176. Never in your box of water fittings is just the one right sized joiner to fix a leaky pipe. You must use at least 5 fittings to create a metre long monstrosity that costs more than replacing the entire pipe.
177. In your many boxes of various nuts & bolts, there are only two sizes. Too big and too small.
178. Nothing tastes as good as the neighbours grass.
179. It is impossible to stay dry when fixing water leaks.
180. If you plan to fix a water leak and the short in the electric fence on the same afternoon, do the fence first. Wet boots makes for good sparks.
181. Nothing wrecks your day like wire round the tail shaft.
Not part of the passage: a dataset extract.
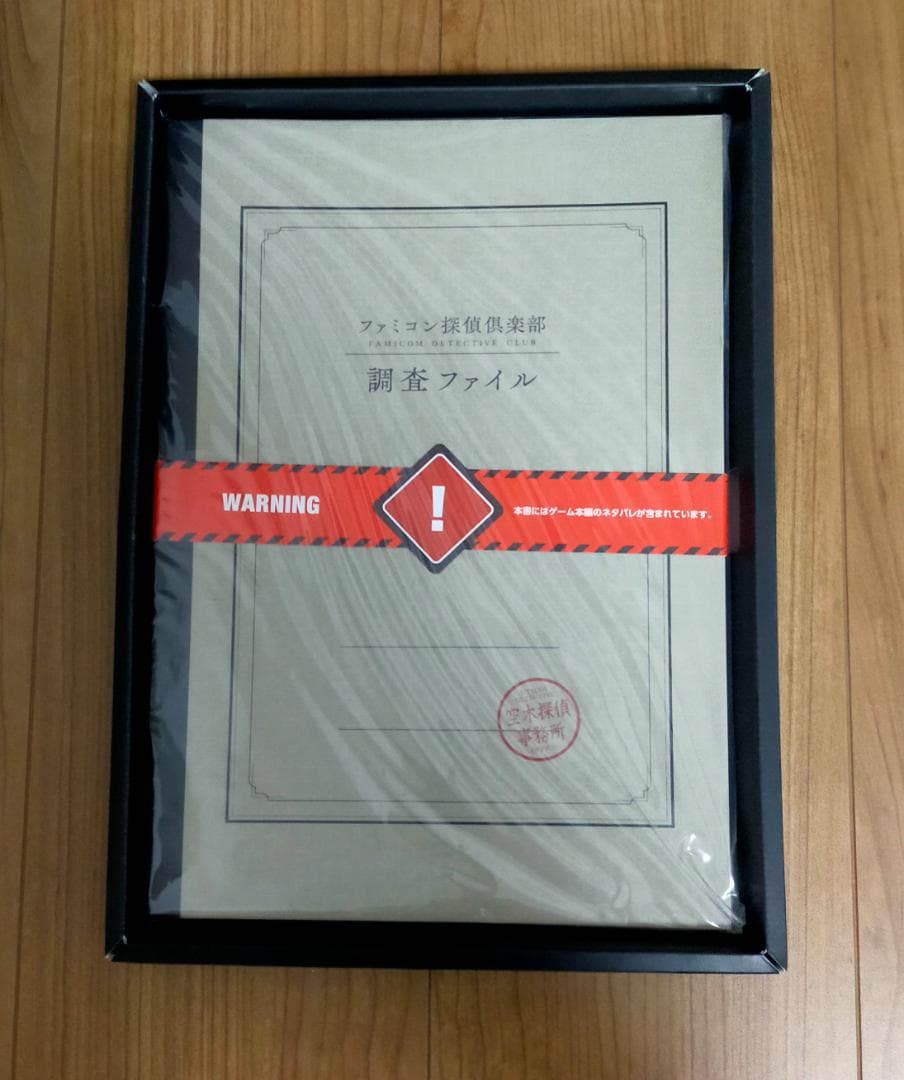 箱、特典のみ　ファミコン探偵倶楽部 COLLECTOR’S EDITION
And it's always in the prickliest, thorniest most double gee infested part of the paddock.
182. A sheepdog only leans on your back on the motorbike after he's had a swim in the trough.
183. During a shearing power failure, the shearer who complains about the noisy generator dials his stereo up to 11 when the power comes back on.
184. Shearing shed teams are powered by high decibel pop music.
185. The rousey filling the reverberating shearing shed can never understand why the sheep won't run in.
186. Leaving feed bags, half full chaser bins, open silo lids and the like out in open weather does nothing to make it rain when you want it to.
187. The other dogs tucker always tastes best.
188. Nothing moves faster than sheep heading to a gate they know is supposed to be closed.
189. The missing spanner in the set is the one you always need.
190. Screwdrivers are handy for removing unwanted flesh from palms.
191. Too much horsepower is never enough
192. Five minute jobs invariably aren't.
193. A temporary fix usually lasts for years
194. It is not advisable to substitute fuse wire with fencing wire.
195. The ute you leave parked in the sun for three days will have a mouse die in it four days earlier.
196. No number of scented car fragrance trees will cover the smell of four day old baked dead mouse.
197. The more land burnt and dry seeded, the stronger the pre frontal winds before the winters first rain.
198. It makes life alot easier for the dogs if you remove some of the collected parts, tools and rubbish off the back of the ute before you chase down a sheep in the paddock.
199. The quickest way to increase your equity is to find a kind hearted land valuer.
200.Never ever look at the next days grain prices after you have sold your grain at what you thought was a good price the day earlier.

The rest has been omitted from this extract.